São 30 anos de Rage Against the Machine: o primeiro disco da banda revolucionária na forma, no conteúdo e na luta política.
(Ao Vitor “Punk” Kennedy e ao André “Ladico” Ribeiro in memoriam)
Por Dalton Sanches
Comemoram-se nesse 03 de novembro os 30 anos do clássico petardo Rage Against the Machine, disco de estreia da banda homônima. Antes, e a título de indispensável menção, comemorou-se, ontem, dia 02, os 23 anos de The Battle of Los Angeles, último disco de músicas autorais do conjunto californiano, visto que o Renegades, lançado em 05 de dezembro de 2000, é um álbum de covers.
Foi por essa época que eu, irmãos, amigas e amigos estávamos experienciando intensamente o Rock em suas mais variadas ramificações, inclusive os seus inovadores flertes com o Rap, gênero com o qual muitos e muitas de nós, moradores das periferias, já tínhamos algum contato, ainda que indiretamente pelos aparelhos de som da vizinhança, de onde emanavam, no máximo volume, os clássicos de Sobrevivendo no Inferno, do Racionais MC’s.
Voltando ao disco do hit “Killing In the Name”, um brado à luta contra o movimento racista-supremacista Ku Klux Klan, as inovações técnicas e estilísticas postas em curso, nele, pelo quarteto formado por Zack de la Rocha, Tom Morello, Tim Commerford e Brad Wilk, conferem à sua identidade o caráter inquestionavelmente revolucionário, antes na forma e na técnica, principalmente se se aponta para o modo de tocar guitarra de Tom Morello, às vezes lembrando verdadeiros samples de Rap.

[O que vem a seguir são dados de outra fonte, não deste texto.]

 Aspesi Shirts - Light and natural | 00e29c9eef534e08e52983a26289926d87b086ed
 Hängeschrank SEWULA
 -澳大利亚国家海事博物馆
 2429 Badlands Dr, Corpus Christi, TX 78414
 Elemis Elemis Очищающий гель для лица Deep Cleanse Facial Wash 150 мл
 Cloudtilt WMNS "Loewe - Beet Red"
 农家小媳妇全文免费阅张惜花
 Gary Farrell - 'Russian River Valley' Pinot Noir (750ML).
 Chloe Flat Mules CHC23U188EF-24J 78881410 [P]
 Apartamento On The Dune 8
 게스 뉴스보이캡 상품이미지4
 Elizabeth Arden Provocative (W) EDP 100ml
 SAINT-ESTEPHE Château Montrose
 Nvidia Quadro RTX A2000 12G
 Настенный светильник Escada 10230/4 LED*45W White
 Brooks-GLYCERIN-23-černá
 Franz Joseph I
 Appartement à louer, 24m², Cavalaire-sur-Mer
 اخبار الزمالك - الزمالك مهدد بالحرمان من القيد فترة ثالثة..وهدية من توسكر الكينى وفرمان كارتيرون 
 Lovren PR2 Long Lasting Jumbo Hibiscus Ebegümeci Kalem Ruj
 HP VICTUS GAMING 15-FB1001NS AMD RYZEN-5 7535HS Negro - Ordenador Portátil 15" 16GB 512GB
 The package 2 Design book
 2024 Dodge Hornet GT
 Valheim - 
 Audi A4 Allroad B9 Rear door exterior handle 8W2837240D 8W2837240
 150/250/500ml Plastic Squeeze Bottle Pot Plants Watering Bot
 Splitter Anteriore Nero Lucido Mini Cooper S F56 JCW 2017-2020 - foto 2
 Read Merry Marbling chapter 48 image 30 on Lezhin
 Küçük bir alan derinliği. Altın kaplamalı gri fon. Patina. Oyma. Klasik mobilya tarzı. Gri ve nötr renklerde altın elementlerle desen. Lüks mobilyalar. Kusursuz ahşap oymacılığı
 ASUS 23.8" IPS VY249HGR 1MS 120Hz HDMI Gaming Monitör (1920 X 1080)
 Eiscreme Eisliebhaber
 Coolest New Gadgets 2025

Para tal analogia, basta ouvir, por exemplo, os ruídos uniformes e estridentes que revestem a base principal da faixa “Bullet In the Head”, marcada pelo estrondoso groove da cozinha composta por Commerford e Wilk, e, ainda, o agudíssimo ruído que tensiona a base de “Fistful of Steel”; além do recurso à combinação de alternâncias velozes da chave seletora com a técnica de legatos, verificado na introdução e em parte do solo de “Know Your Enemy”.
Tais elementos deixaram, sem sombra de dúvida, marcas indeléveis numa maciça leva de bandas que surgiriam logo na segunda metade da década de 1990 em diante, seguindo os passos da explosiva mistura de Metal, Punk, Rock setentista e afins, com a sua inconfundível levada do Rap.
Novamente a partir de uma perspectiva mais pessoal, tamanha foi a euforia com toda essa densa atmosfera, que chegamos a formar, por volta do ano 2000, uma banda de moleques dedicada quase que exclusivamente a tocar covers desse disco e nos apresentarmos, em grande parte das vezes, no Rock da Mata, um pequeno e circunscrito festival que, por nós e para nós, e com escassíssimos recursos, organizávamos uma ou duas vezes ao ano.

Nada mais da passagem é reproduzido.